The following script demonstrates a typical DEM-derived terrain model workflow including correction, classification, and proximity analysis:

import whitebox_workflows as wbw

wbe = wbw.WbEnvironment()
wbe.working_directory = '/data/analysis'
wbe.verbose = True
wbe.max_procs = -1  # use all available cores

# 1. Load raw DEM and correct NoData encoding
dem = wbe.read_raster('raw_dem.tif')
dem = wbe.conversion.raster_vector_conversion.set_nodata_value(dem, back_value=-9999.0)
dem = wbe.terrain.general.fill_missing_data(dem, filter_size=11)

# 2. Smooth to suppress sensor noise
dem_smooth = wbe.terrain.general.feature_preserving_smoothing(dem, filter_size=11,
                                               normal_diff_threshold=30.0,
                                               iterations=3)

# 3. Derive primary terrain attributes
slope      = wbe.terrain.derivatives.slope(dem_smooth, units='degrees')
aspect     = wbe.terrain.derivatives.aspect(dem_smooth)
tpi        = wbe.terrain.general.deviation_from_mean_elevation(dem_smooth, filter_size_x=21,
                                               filter_size_y=21)
relrough   = wbe.terrain.multiscale_signatures.multiscale_roughness(dem_smooth, min_scale=1, max_scale=50, step=2)

# 4. Classify slope into stability classes
slope_class = wbe.raster.reclass_mask.reclass(slope, reclass_vals=[
    [1, 0, 10],   # low risk
    [2, 10, 25],  # moderate risk
    [3, 25, 90],  # high risk
])

# 5. Compute Euclidean distance from streams
streams = wbe.read_raster('streams.tif')
dist_streams = wbe.raster.distance_cost.euclidean_distance(streams)

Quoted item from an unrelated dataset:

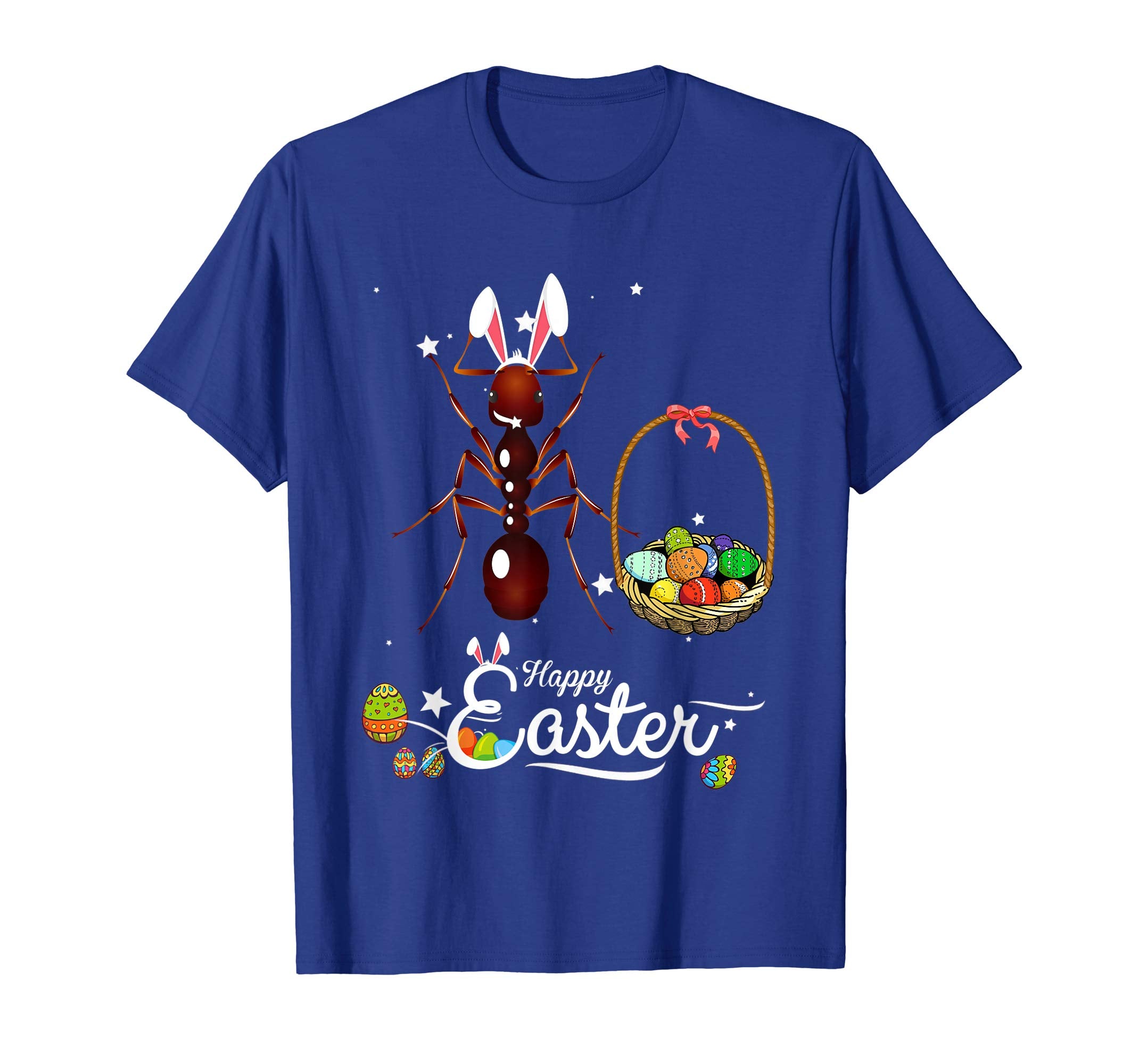 Cute Easter Ant with Bunny Ears and Eggs T Shirt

# 6. Site suitability overlay
# Normalise all factors to a 1–5 scale first ...
suitability = wbe.raster.overlay_math.weighted_overlay(
    factor_rasters=[slope_class, dist_streams_class],
    weights=[0.7, 0.3],
    scale_max=3.0
)

wbe.write_raster(suitability, 'site_suitability.tif', compress=True)
print('Raster analysis pipeline complete.')

Tips

  • Choose your data type: Use integers for categorical data (land cover, classifications) to minimize file size and computation time. Use floating-point (Float32 or Float64) only for continuous measurements (elevation, temperature, probability).
  • Set NoData explicitly: Ensure your source rasters carry a valid NoData value. Missing NoData declarations can corrupt statistics and focal operations by including invalid pixels as zeros or false elevations.
  • Compress carefully: LZW and DEFLATE compression work well for most data; avoid if you need rapid random access to interior tiles. Use COMPRESS=JPEG for photographic data only (lossy, unsuitable for analysis).
  • Focal operations require buffering: Cells at raster edges cannot compute full neighbourhoods. Use expand() or accept edge effects; never assume borders are valid in derivative rasters.
  • Zonal statistics are only as good as your zones: Ensure zone boundaries are topologically clean (no overlaps, no gaps). Overlapping zones cause double-counting; gaps cause NoData regions in output.
  • Reclassification is fast but risky: Always validate output distributions (histogram) after reclassification. Off-by-one errors in class boundaries can silently produce wrong land-cover or suitability classes.
  • Memory is the constraint for large rasters: Tiles > 2 GB require out-of-core or streaming processing. Use read_by_block() for large files; avoid loading entire rasters into memory if they exceed available RAM.
  • Upsampling introduces artifacts: Never upsample (finer resolution) without a valid interpolation method. Nearest-neighbour upsampling creates blocky artefacts; bilinear is smoother but may violate data range (e.g. probability values > 1.0).